Rick Perkins Conservative South Shore—St. Margarets, NS

Madam Speaker, I am pleased to rise today on the discussion about the report from the Standing Committee on Foreign Affairs and International Trade entitled, “The Russian State's Illegal War of Aggression Against Ukraine”.

As Canadians know, Conservatives have always stood with Ukraine. Those who have had the pleasure of hearing at committee some stories from my personal history will have heard that, back in 1991, when the Soviet Union was collapsing, I was the senior adviser to Canada's foreign minister.

I can remember the weekend that I spent on the phone with the Prime Minister's Office, the Privy Council Office and former deputy prime minister Don Mazankowski, the first Ukrainian deputy prime minister of Canada, discussing what we should do. The Soviet Union had not quite collapsed, and Mikhail Gorbachev was trying to institute his glasnost reforms. It looked like, within a few weeks, there would be a collapse.

We had a long discussion about recognizing Ukraine first. We were the party that recognized Ukraine on that weekend, December 2, and we were the first country in the world to recognize Ukraine as an independent country, separate from the old Soviet Union. That was a momentous thing because, of course, we have a large diaspora of Ukrainians in Canada. I am proud to have played a very small and minor role as a senior adviser to the then minister of foreign affairs, Hon. Barbara McDougall, when we did that.

We do support all of the recommendations in this report, but I would like to draw attention to a couple of particular interest to us. The previous speaker spoke about recommendations 12 and 13, and I will come to that, but I would like to focus a little on recommendation 8, which says:

That the Government of Canada work with its international and domestic partners to improve the coordinated implementation and enforcement of sanctions against Russia, by working to identify all assets connected to designated persons and closing any loopholes that may exist.

There are a lot of loopholes that still exist today. Not to toot my own horn, but I worked on creating the legislation the Government of Canada still uses today back in 1991, when there was the coup in Haiti. We wanted to impose economic sanctions, globally through the OAS and then through the UN, on Haiti and the illegal coup of Haiti's first democratically elected president.

There was no power to quickly impose economic sanctions. We quickly created within about four days a piece of legislation that was introduced and passed unanimously through the House and Senate within about 48 hours to create a bill that gave the Governor in Council the power to quickly move and impose economic sanctions.

We know these sanctions are leaking, and I have raised this before in committee. I said it as a member of the fisheries committee. While the government has targeted specific individuals, and all of those are justified, what it has not done is looked at the leakiness of the sanctions overall. I have an example that has had a very large impact on Atlantic Canada. The snow crab fishery is a very big fishery off Newfoundland, and 52% of the crab fishery caught in Newfoundland was, until this war happened last year, bought by Japan, through contracts.

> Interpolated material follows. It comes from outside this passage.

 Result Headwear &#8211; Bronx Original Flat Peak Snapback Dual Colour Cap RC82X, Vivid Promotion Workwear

When the war broke out and Russia was desperate for cash, it started to sell their snow crab at a much cheaper price on the global markets. Most countries respected the fact that that money would be used for fuelling Putin's illegal war and did not bite. Japan did bite, broke every contract in Newfoundland and stopped buying all their snow crab from Newfoundland. Now Japan buys most of their snow crab from Russia, helping to fund their war.

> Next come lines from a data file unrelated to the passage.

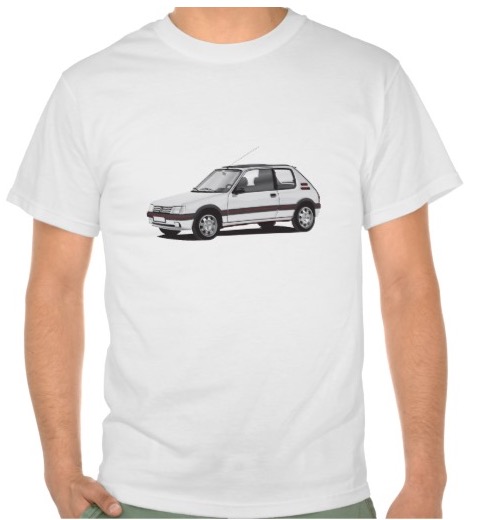 Peugeot 205 GTi t-shirt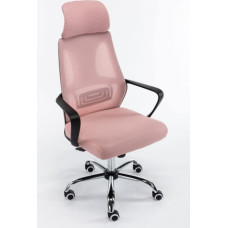 Top E Shop Topeshop FOTEL NIGEL RÓŻOWY office/computer chair Padded seat Mesh backrest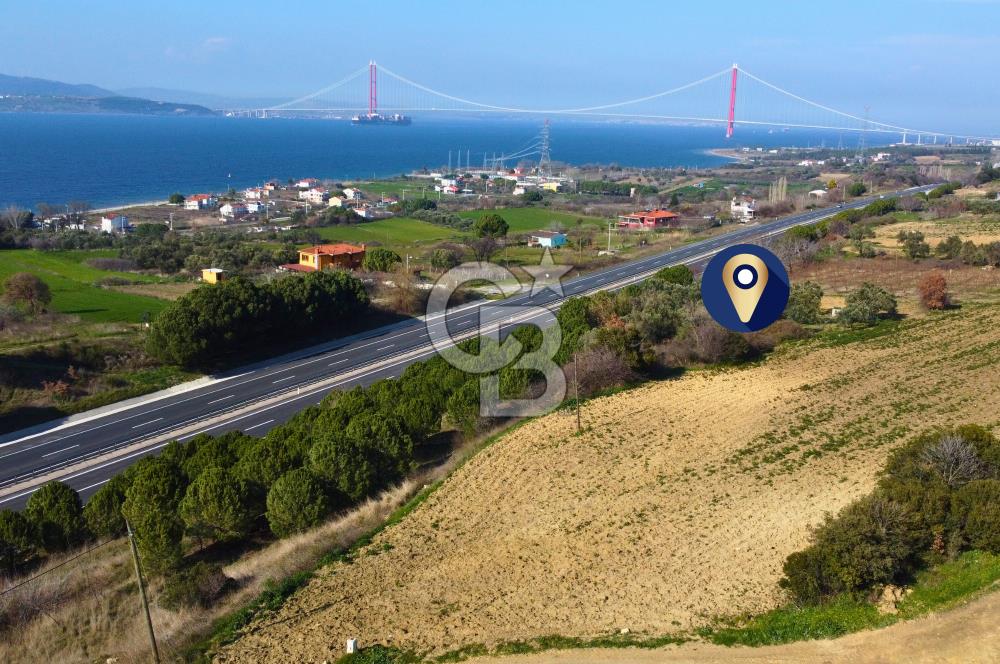 Çanakkale Lapseki Suluca Ana Yol Cephe 513m²'si İmarlı Tarla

The minister and the Liberal government have never raised those kinds of issues with counterparts. We have raised them with the minister, and the minister was totally unaware that this had happened.

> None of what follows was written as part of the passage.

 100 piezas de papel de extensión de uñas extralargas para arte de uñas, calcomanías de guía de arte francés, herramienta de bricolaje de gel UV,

It is not unusual for a Liberal minister to be unaware, but one would think that, when we are dealing with sanctions in a war, it is not just about the individuals but is about the flow of cash that is going in by buying goods of our G7 allies.

I would also like to comment on recommendation 12, which reads, “That the Government of Canada not grant a sanctions waiver to Siemens Energy Canada Limited for Nord Stream 1 pipeline turbines....”

Remember, with the turbine, Russia did this fake thing about needing the turbine for the pipeline that brought natural gas and oil into Europe. It brought in a need for repair, and the government said it was no problem, to bring it in here and we would repair it. Then the war broke out and Russia said it wanted it back in order to facilitate the continued supply of that oil and natural gas, supposedly. The government acquiesced, granted a waiver, sent it back to Russia and allowed it to continue to ship oil and natural gas to fund its war.

In fact, if we look at some of the testimony in this report, it quite clearly shows that a number of witnesses were flabbergasted the Government of Canada would allow such fakery to happen.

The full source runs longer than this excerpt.